第18回講演会


開催: 2007年8月25日 15:00~18:00
講師: 占部 浩一



物事を的確に判断したり、決断を下すときに注意すべき事項について、示唆に富む非常に重要な指摘が多数出された。

  1. 定量的データの落とし穴
    • 定量的なデータを示されると、つい信じ込んでしまう危険があるので注意しなければならない。
    • 平均値だけで判断すると大勢を見誤ることがある。時として最大値、最小値、分散などについても考える必要がある。
    • 時系列的なデータの推移については、特定の期間に限定した変化を見ると傾向を見誤る(騙される)ことがあるので、ある程度長い期間についてデータの推移を見守る必要がある。
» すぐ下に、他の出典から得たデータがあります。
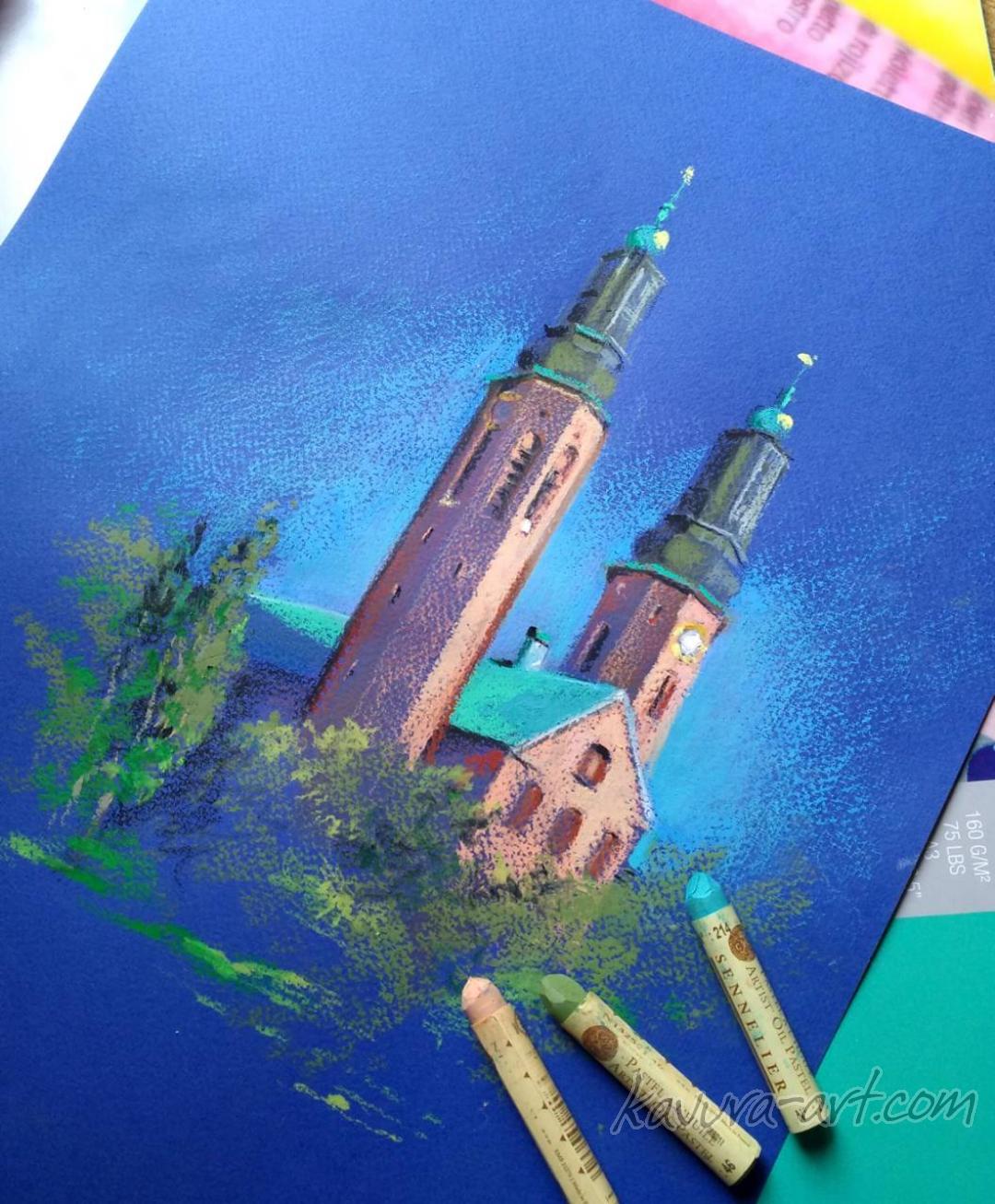 "Stockholm" Oil pastel.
    • 量については、それを測る尺度を明確にしなければならない。たとえば、「50杯も飲んだ」というとき、1杯の大きさはどの位かを明らかにしないと、それが多いのか少ないのかさえ本来は判断できない。
  2. 平等の落とし穴
    • 人間は「平等である」、と言っても、身長も体重も趣味も皆違う。
  3. 国際化の落とし穴
    • なぜ、今回のようなテーマが選ばれるのであろうか。皆、仲良く性善説に立脚した人生を送れば、無用な議論ではないか。我々を取り巻く環境が穏やかで平和だからと言って、世界中が皆穏やかで平和という訳ではない。自己の利益のためには、他人はどうでも良い、という考えは幾らでも横行するのが世界の現状である。グローバリゼーションが進行し海外との交流が増すと、国内でしか通用しないあいまいな議論の仕方では海外と対等に付合えない。誰でも納得できる、「論理的思考」に基づく定量的な説得性のある説明ができなければならない。そのためには、各種データをよく整理して保存し、適切な解釈ができ、いつでも取り出せるような準備を常日頃、心掛ける必要がある。
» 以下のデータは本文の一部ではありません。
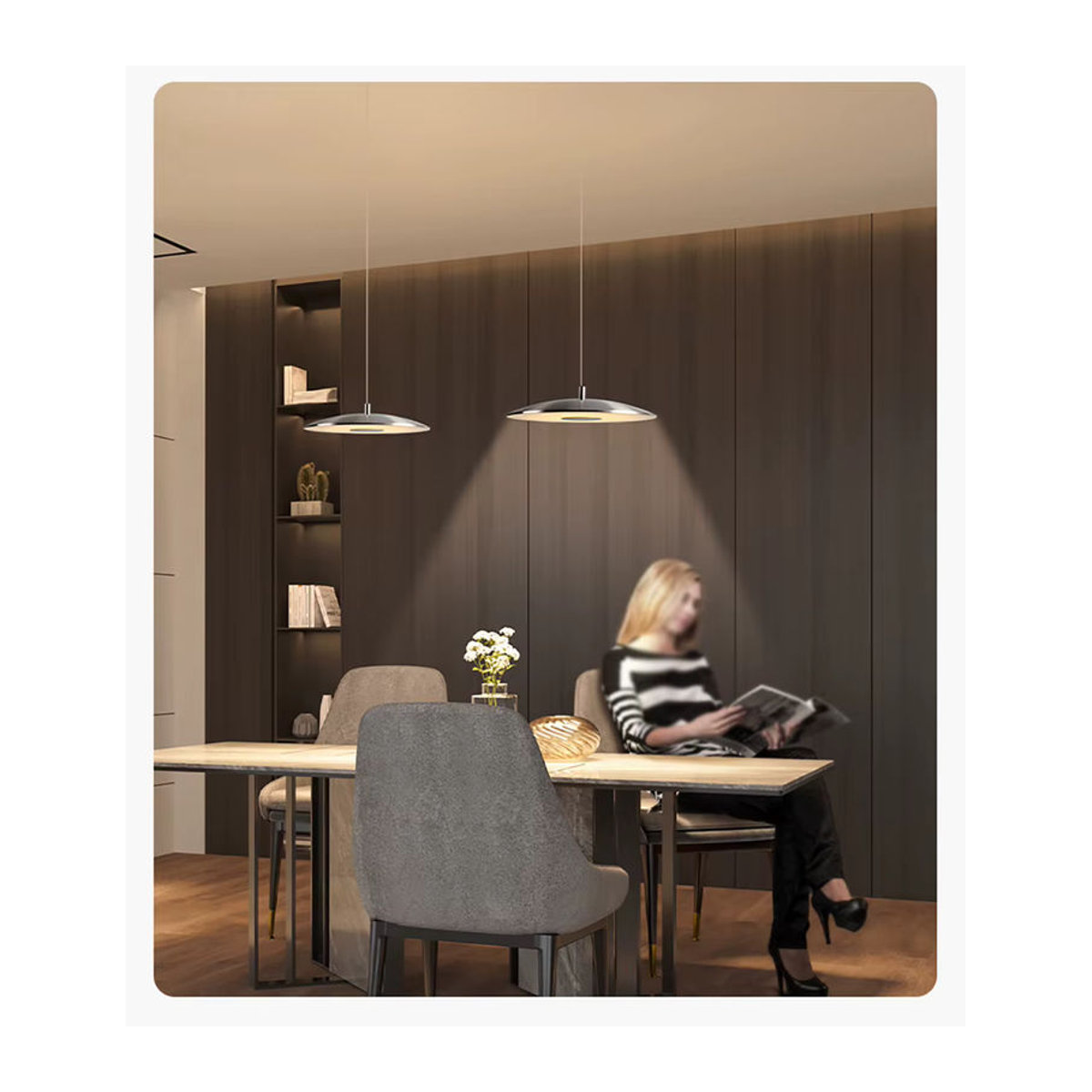 Moderne UFO Pendelleuchte von HomeLover in Alufarben aus Metall für Esszimmer, Bar oder Schlafzimmer - Bild 2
    • 日本は海外との摩擦解消のため、譲歩して丸く収める傾向がある。それでは、複数国から相矛盾する要求を突きつけられたらどうするのか。A国を立てればB国から文句を言われ、それではとばかりB国を立てればA国から文句を言われる。要は、どこから何を言われようと、正しいことは正しい、不正は不正だと、筋を通さなければならない。
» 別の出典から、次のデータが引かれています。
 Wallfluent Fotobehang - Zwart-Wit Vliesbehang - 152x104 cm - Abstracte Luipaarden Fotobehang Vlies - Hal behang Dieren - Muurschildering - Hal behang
    • 靖国神社参拝に外国が口を挟むのは理不尽である。我が国の国内問題である、と断固はねつけ、口を挟むな、と政治家、マスコミ、国民が毅然と対処せずにあいまいな態度をとることは理屈に合わない、おかしいことだ。
    • 養老孟司が、「日本人は好戦的な国民だ、わずか60年でその本質が変わるとは思えない」と言っているそうである。その根拠は何か?アジアでも、日本が持たない核兵器を持つ国はいくつかあるし、日本より好戦的な国はいくらでもある。また、肉食の欧米諸国の方が日本より好戦的ではないか。むしろ、日本は島国で争いを好まない、性善説に立つ温和な国民である。
  4. その他
    • 欧米がLogical Thinking(論理思考)の重要性を指摘すればそれになびき、逆に欧米が「論理の時代は過ぎた、情緒の時代だ」と言えばまたそれになびく。何が本質か、周囲に惑わされない「定見」を持つことが重要である。
    • 神、霊の存在を否定するなら、その根拠を示さなければ、意味がない。
    • 閉鎖的集団の特徴は、離脱者を徹底的に攻撃することである。